For those who may not know, the ‘Winter War’ was a deadly serious conflict on the sidelines of World War II, in which the Soviet Union invaded Finland, was largely repulsed with heavy losses of over 300,000 troops in just under 4 months, but eventually overcame the outnumbered Finns’ heroic defenses to secure around 10% of Finland’s territory in a peace agreement ending the hostilities. The war is still remembered today in both nations, but is largely forgotten about by the wider world among the horrific events of the broader scope of the global conflict taking place at the time.

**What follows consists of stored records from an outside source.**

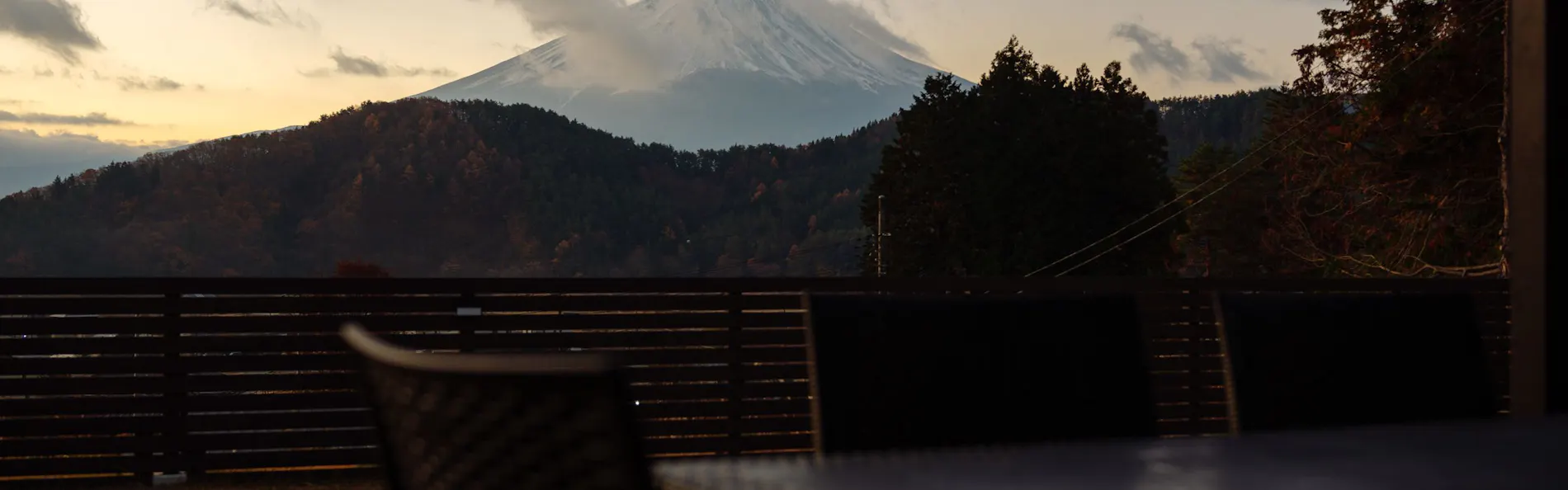 Private villa FujiNagi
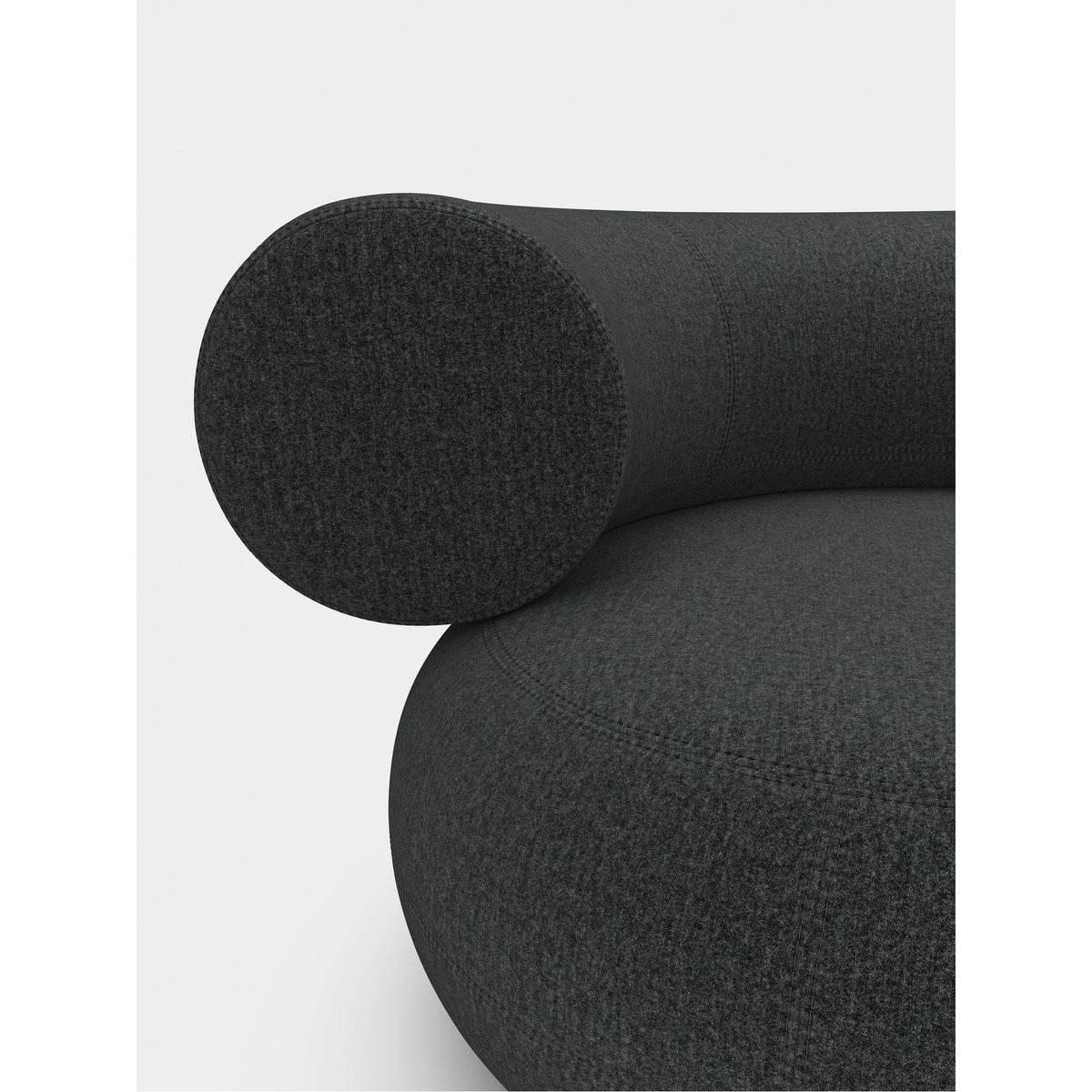 Fat Right Corner Modular Sofa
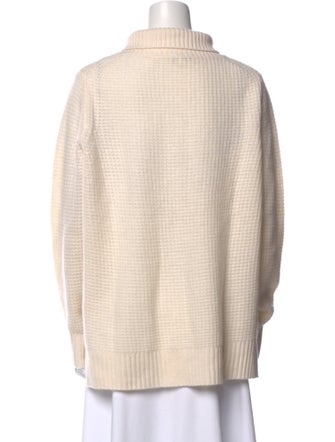 White + Warren Cashmere Turtleneck Sweater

Today, however, we are seeing the just consequences of what one could call Moscow’s second ‘Winter War’, the state-sponsored systematic doping of Russian athletes at the 2014 Winter Olympics, which that nation hosted in the seaside resort town of Sochi. In an unprovoked attack on the international Olympic system, Russian sporting officials authorized and directed a campaign of athletic cheating via illegal performance enhancement and then organized a cover-up that involved secretive tampering with athletes’ urine samples (I kid you not). In the 2014 Olympics, hosted in Russia for the first time since the fall of the Soviet Union, the home nation won the most medals, bringing home not only the highest number of medals overall (33) but also the most gold (13) and silver medals (11). Russia generally does fairly well at the Winter Olympics, winning on average 17 medals per Winter Olympic games (68 total medals from 1998 – 2012), and host nations usually get a bump up in medal count, but nearly doubling your average medal count in just four years is astounding and almost suggests impropriety. Since the evidence of the doping conspiracy landed last year, Russian athletes and the Russian sports program overall have been penalized through competition bans (in the Rio Olympics for the track & field team) and retroactive stripping of Olympic medals, but news dropped today of the hardest-hitting penalty yet: Russia, as a national entity, is banned entirely from competition in the 2018 Winter Olympics in Pyeongchang, South Korea.

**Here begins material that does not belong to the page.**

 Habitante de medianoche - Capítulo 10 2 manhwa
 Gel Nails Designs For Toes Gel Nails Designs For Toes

This series of punishments for a state-run doping program is unprecedented in the history of Olympic competition, and in my mind is a just penalty for the crime against the ideals of fair play and global community which the Olympic Games are supposed to represent. To be clear, Russian athletes who can demonstrate that they have a long history of following detailed and demanding drug testing protocols may compete under a neutral flag. It is not apparent at this time how many Russian athletes will meet this reasonable standard, but it is likely that the delegation’s size will be significantly reduced. I personally feel badly for Russian citizens, who will unfortunately not be able to watch the Olympics with a national rooting interest this coming year, but their anger and frustration, as usual, should be directed at the autocratic, kleptocratic, and dictatorial regime led by Vladimir Putin which orchestrated this massive fraud, not at the International Olympic Committee or the groups which investigated and exposed it.

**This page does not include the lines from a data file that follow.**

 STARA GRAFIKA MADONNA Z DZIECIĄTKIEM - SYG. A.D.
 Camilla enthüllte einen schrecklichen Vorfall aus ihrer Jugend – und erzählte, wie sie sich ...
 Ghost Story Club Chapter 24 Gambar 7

This isn’t yet over though, as 2018 is the year of another major global sporting event: the World Cup. And guess who is hosting? That’s right, Russia. Given the precedent-creating decision made today by the IOC to ban Russia entirely from competition in the Olympics, what sort of actions, if any, will FIFA take with respect to the Russian soccer squad for the World Cup? It isn’t clear that Russian soccer athletes were spared the doping treatment, and as of now it looks as though there is an ongoing investigation into doping in the 2014 Russian World Cup team. It would assuredly be without precedent for a World Cup host nation to be banned from participating due to doping, and it would be an extremely controversial move by FIFA. Regardless, I’m hoping that these harsh penalties do the job of warning other regimes out there who are thinking of plans like this to drop them, and restore a tiny bit of the credibility of international sports.